(Data provided begins)

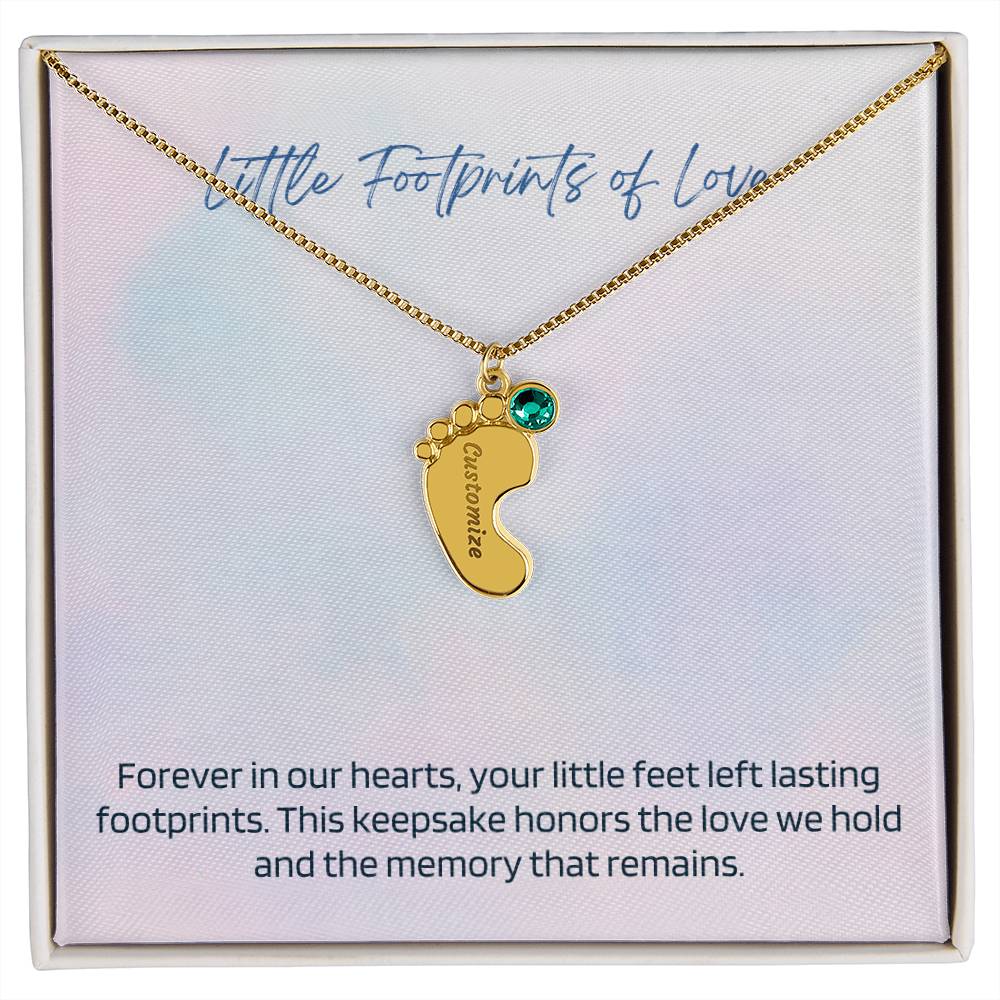 Engraved Baby Feet Necklace with Birthstone – A Cherished Keepsake for Infant Loss & Remembrance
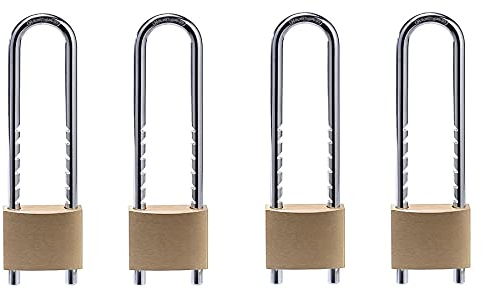 Fu Volante Vorhängeschlösser aus massivem Messing, 5,1 cm breiter Körper, 4 Stück, gleichschließende Schlösser mit abnehmbarem verstellbarem Bügel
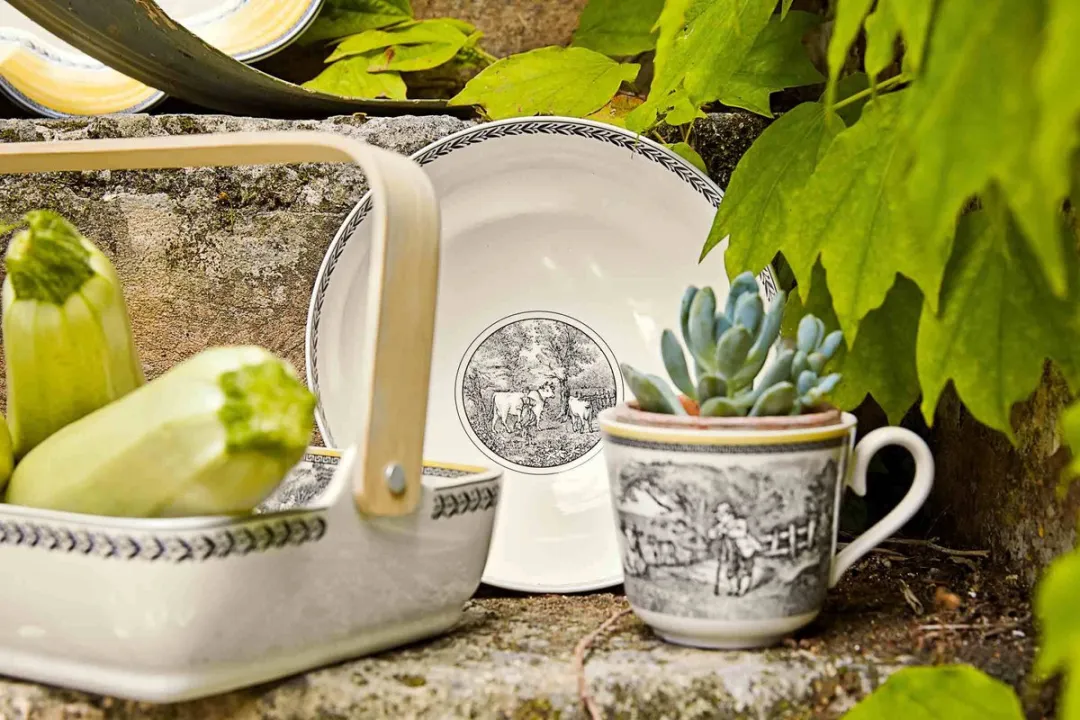 Villeroy & Boch Audun Ferme Koffiebeker - 300ml - 6 Stuks - Wit/Grijs/Geel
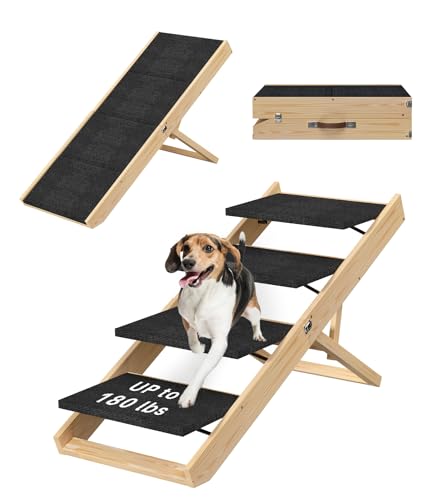 Hundetreppe aus Holz, 4 Ebenen, verstellbare Hundetreppe aus Holz mit Griff, faltbare Hunderampe für Bett, Couch, Auto (Schwarz) von PUPIHOM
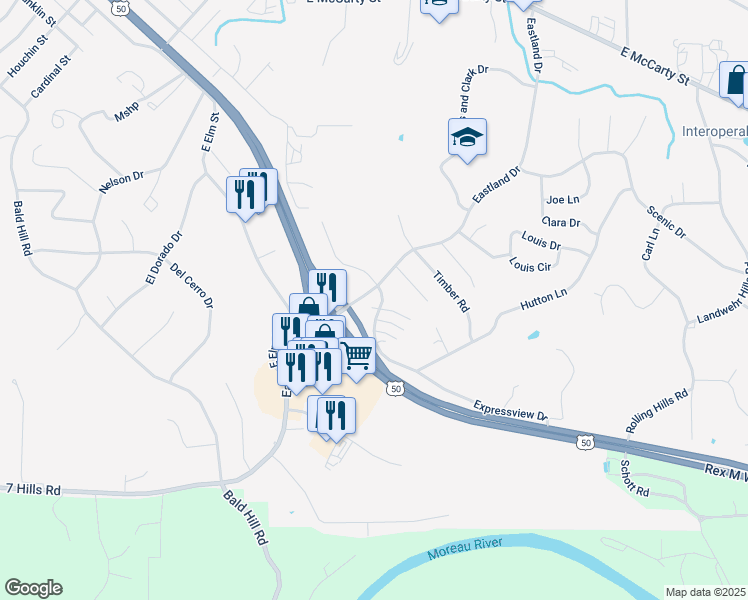 map of restaurants, bars, coffee shops, grocery stores, and more near 606 Woodlander Rd in Jefferson City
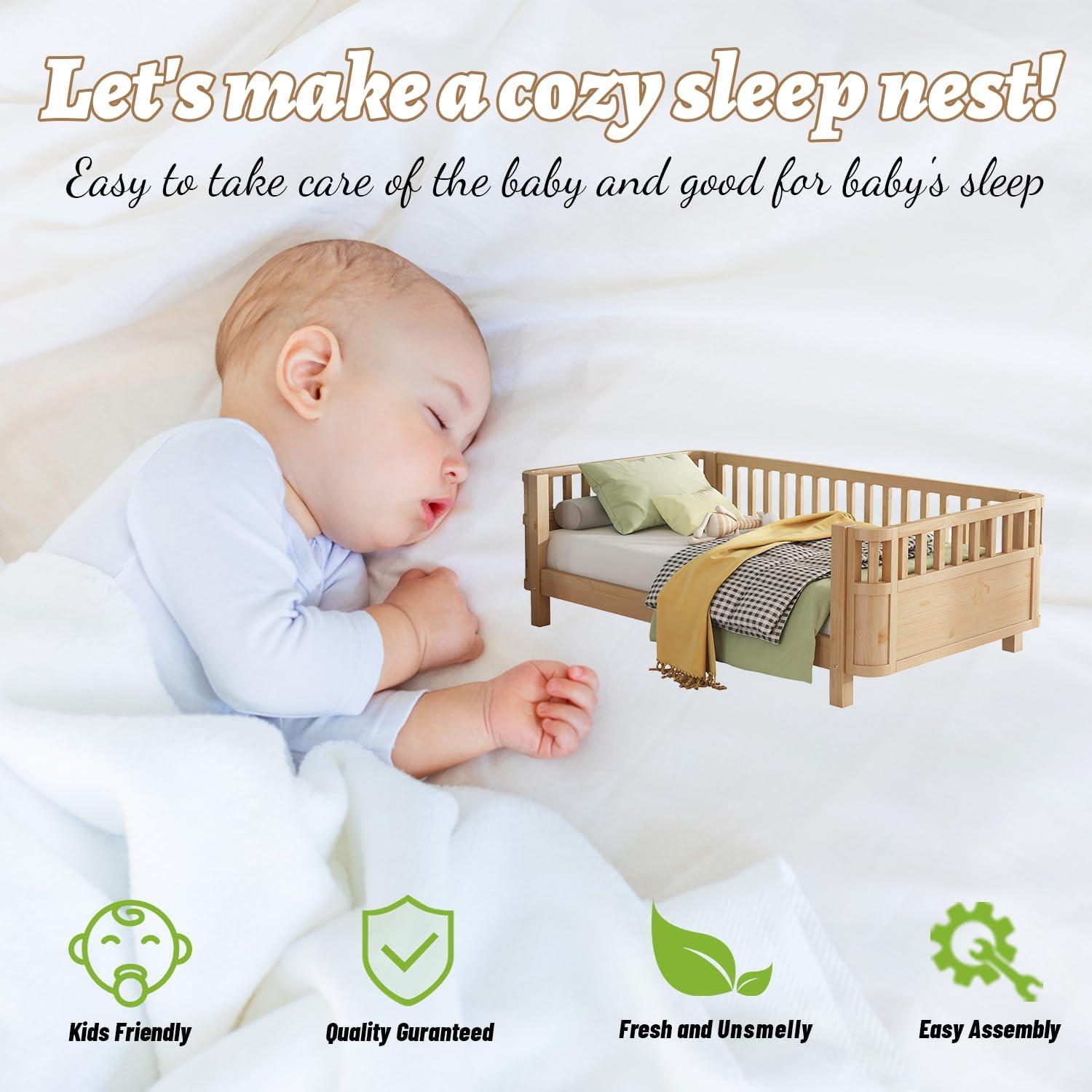 Cama Montessori Twin OYUMOENTS Natural con Barandillas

(Data provided ends)

▶ _Exercise aim_: Each entry above is to be given again exactly, and any image in it is to be dropped.

▶ _Task solution_:
 Engraved Baby Feet Necklace with Birthstone – A Cherished Keepsake for Infant Loss & Remembrance
 Fu Volante Vorhängeschlösser aus massivem Messing, 5,1 cm breiter Körper, 4 Stück, gleichschließende Schlösser mit abnehmbarem verstellbarem Bügel
 Villeroy & Boch Audun Ferme Koffiebeker - 300ml - 6 Stuks - Wit/Grijs/Geel
 Hundetreppe aus Holz, 4 Ebenen, verstellbare Hundetreppe aus Holz mit Griff, faltbare Hunderampe für Bett, Couch, Auto (Schwarz) von PUPIHOM
 map of restaurants, bars, coffee shops, grocery stores, and more near 606 Woodlander Rd in Jefferson City
 Cama Montessori Twin OYUMOENTS Natural con Barandillas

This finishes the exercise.